It’s the beginning of the month, and the same conversation happens at the beginning of every month, quarter, or year: “how’s the pipeline?”
Pipeline is a tricky thing. I’ve heard it described persuasively as a bathtub where the level of pipeline (water) rises and falls as deals enter (leads) and leave (closed lost or won). That means it’s changing over time and difficult to see the rate of change on a day. But everyone pays attention at the beginning and end of the period.
The end results are pretty easy to measure. Did you make your new logo, MRR, SQL, and MQL targets? The beginning of the period is not quite as easy to estimate. Dear SDR Managers, Sales Leaders, and Ops Pros, I made this Google Sheet for you.
A tool to learn more about the inputs to pipeline
Pipeline is all anyone wants to hear about in the sales management process. We do a great job focusing on individual deals and don’t always focus on the input activity that results in outcomes that are closer to what we want.
Pipeline growth comes down to a few things.
Are you working each deal fully enough and quickly enough, while not hanging on to failed deals for too long? Do you have enough volume to make your number? And do your conversion rates support the number of leads you’re getting?
One common challenge I’ve seen working with sales teams and ops pros is the ability to look at what we have and estimate what we will need to do to make the goal. I made the Google sheets template to make it easy to plug in your various ratios (lead-to-MQL, MQL-to-SQL, SQL-to-win) and your deal goals (new revenue, average size deal, number of logos).

The yellow boxes in the model represent numbers to change, while the blue boxes indicate outputs from that model.
Combine this information with the number of reps, you’ll have a quick ratio of the number of deals they handle.
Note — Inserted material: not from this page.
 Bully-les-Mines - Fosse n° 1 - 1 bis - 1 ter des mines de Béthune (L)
Specify the percentage of reps who make quota and you’ll see a result that suggests you do or do not have enough pipeline. (Hot tip: expecting all reps to make quota is probably a misapplied assumption).
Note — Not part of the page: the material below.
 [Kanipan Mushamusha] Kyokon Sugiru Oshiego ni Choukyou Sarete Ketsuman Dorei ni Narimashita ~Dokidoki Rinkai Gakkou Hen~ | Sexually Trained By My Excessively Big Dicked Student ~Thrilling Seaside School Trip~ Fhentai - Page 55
You can also specify if you start the month with pipeline added from the previous month.
What does this tool tell you about your pipeline?
This tool is not going to replace your forecasting efforts. It will give you an idea of where your model has rough edges. Think of it as an early warning system for not having enough deals, consuming too many deals, not being resilient enough to handle when conversion rates change, or when reps don’t make their number.
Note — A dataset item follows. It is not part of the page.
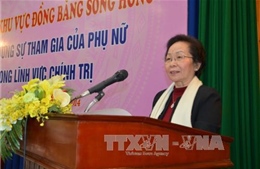 Tăng cường nữ giới trong lĩnh vực chính trị 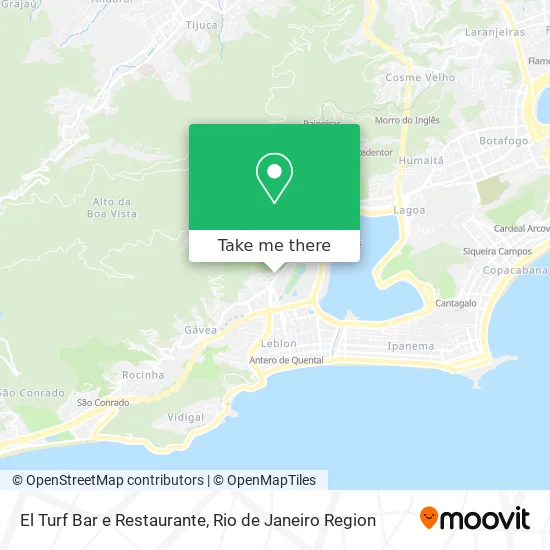 El Turf Bar e Restaurante map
When you use this Sheet, play with the variables to see how the outputs change for the model. With the number of leads you get and your success rate, does it help you more to improve your closing rate or to raise the average revenue per account? If you add another salesperson, do you have enough deals to source your SQLs for that person?
With this sheet, you will be better able to get a sense of whether you are succeeding or not in the early part of a period. Estimating during the period is especially important at the beginning of the period because salespeople are tired and they haven’t switched from closing mode to business development.
If you consider Parkinson’s law, the duration of bureaucratic work expands to fill the available time. If don’t point out the pipeline gap early in a period, people might not notice until it’s crunch time. Use a tool like this one to find the surprises early – and you’ll have enough time to react.
Let me know if you have suggestions for this tool, or if you have requests for Google Sheets revops templates.
What’s the takeaway? “Pipeline management” sounds like a wonky term, but a big chunk of the effort is making sure that the activity and results that are happening translate into the expected results for the organization. Using simple spreadsheet models helps the team react to changing conditions and create sensitivity analysis for the possible outcomes.